Legal
Consent to Use Electronic Records and Signatures
By creating an account, signing a document, or otherwise using handshakesignatures, you consent to receive records and to sign electronically under the U.S. Electronic Signatures in Global and National Commerce Act (ESIGN, 15 U.S.C. § 7001) and the Uniform Electronic Transactions Act (UETA) as adopted by your state.
What this means
Your electronic signature is the legal equivalent of your handwritten signature on a paper document. Records delivered electronically have the same legal effect as paper records.
How we capture intent and identity
Before submitting any signature, you must check a consent box confirming that you intend to sign electronically and that you understand the legal effect.
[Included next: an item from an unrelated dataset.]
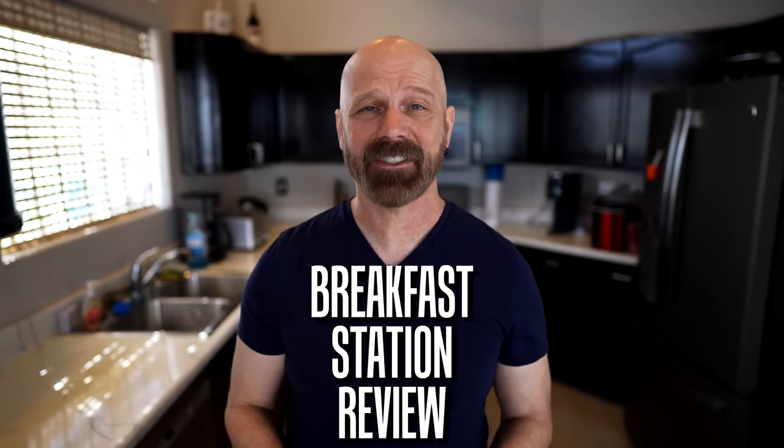Welcome back everybody. Today I'm back with yet another all-in-one breakfast station. This is the fourth breakfast station I've done over the years. I've got some requests for it so let's see how it works in today's video.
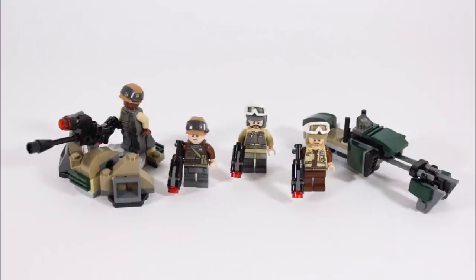You also get four Rebel Troopers who all have their own individual looks, which will please army builders. Like the Imperial Trooper battle pack there's no officers, but sadly they all have stud shooters. Let's start by checking out all of these troopers.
We record:
- Your name as typed
- The email address that received the signing link
- IP address and user agent at view + submission
- UTC timestamp of every action (sent, viewed, signed)
- The exact consent text you ticked, verbatim
- SHA-256 hash of the original PDF and the final sealed PDF
System requirements
To sign documents you need: a current web browser (Chrome, Edge, Firefox, or Safari), a working email address, internet access, and the ability to view and download a PDF. By signing, you confirm you have these.
Right to receive paper records
You may request a paper copy of any record, free of charge, by emailing hello@handshakesignatures.com. Requesting a paper copy does not withdraw your consent to electronic records.
Withdrawing consent
You may withdraw consent for future electronic records at any time by emailing the address above. Withdrawing consent does not affect the validity of records already signed electronically.
Updating your contact information
Your email address is how we deliver records. Keep it current — update it from your account settings, or contact us if you can't access the account.
Hardware copy
Every sealed PDF is a self-contained copy of the agreement plus the audit certificate. Even if handshakesignatures ceased to operate, the sealed PDF and its embedded SHA-256 hash let you verify integrity independently.